That looks like the same WCS object! Let's double-check over an arbitrary range of pixels:

In [None]:
for x in range (-20,-20):
    for y in range(-20,20):
        test = np.asarray(wcs(x,y)) - np.asarray(wcs_manual(x,y))
        if test.any() != 0:
            print("The WCS's don't match")

If you're having trouble constructing a WCS for your data, your MAST and SOC contacts are happy to help, and can consult with the `gwcs` developers on your behalf as needed.

## Assembling metadata dictionaries

Next, we'll pass a variety of metadata (including the WCS object we created above) from the FITS header into Python dictionaries, before we construct our ASDF file object.

Let's take a look at the [archival common metadata table in the expandable linked here](https://outerspace.stsci.edu/spaces/DraftMASTCONTRIB/pages/344588706/.File+Design+for+PITs+v1.0#id-.FileDesignforPITsv1.0-pits_common) (or if you prefer to look at schemas, see [ccsp_minimal](https://rad--747.org.readthedocs.build/en/747/generated/schemas/CCSP/ccsp_minimal-1.0.0.html) and [ccsp_custom_product](https://rad--747.org.readthedocs.build/en/747/generated/schemas/CCSP/ccsp_custom_product-1.0.0.html)) and start filling out what we can for those keys, supplemented by the other, unique metadata found in this FITS header.

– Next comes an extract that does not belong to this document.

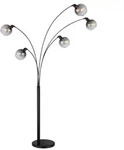 GLOBO LIGHTING Stehlampe "SEYMOUR", schwarz (schwarz matt), 1 Stk., Leuchten,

ASDF data and metadata can be nested in a hierarchical tree structure, collecting related information together. So we'll start with small dictionaries, and then pass those dictionaries into a top-level dictionary in a nested structure.

In [None]:
ccsp = {
    "name": "SPEAR",
    "investigator": "Jerry Edelstein",
    "archive_lead": "Martin Sirk",
    "doi": header0['DOI'],
    "file_version": header0['VER'],
    "data_release_id": "DR1",
    "license": header0['LICENSE'],
    "license_url": header0['LICENURL'],
    "target_name": header0['TARG'],
    "intent": "SCIENCE",
    "target_keywords": "Supernova remnants",  # Chosen from https://astrothesaurus.org/concept-select/
    "target_keywords_id": 1667,  # From the https://astrothesaurus.org/concept-select/ entry above
}

instrument = {
    "name": header0['INSTRUME'],
    "detector": None,
    "optical_element": header0['FILTER'],
}

target_coordinates = {
    "reference_frame": header0['RADESYS'],
    "ra": header0['RA_TARG'],
    "dec": header0['DEC_TARG'],
}

wavelength = {
    "band": "UV",
    "minimum": float(header0['LAM-MIN']),
    "maximum": float(header0['LAM-MAX']),
}

To populate the start and end date-times of this product, we'll convert the values from the FITS header into astropy Time objects before passing them into the dictionary, for compatibility with the ASDF Time schema.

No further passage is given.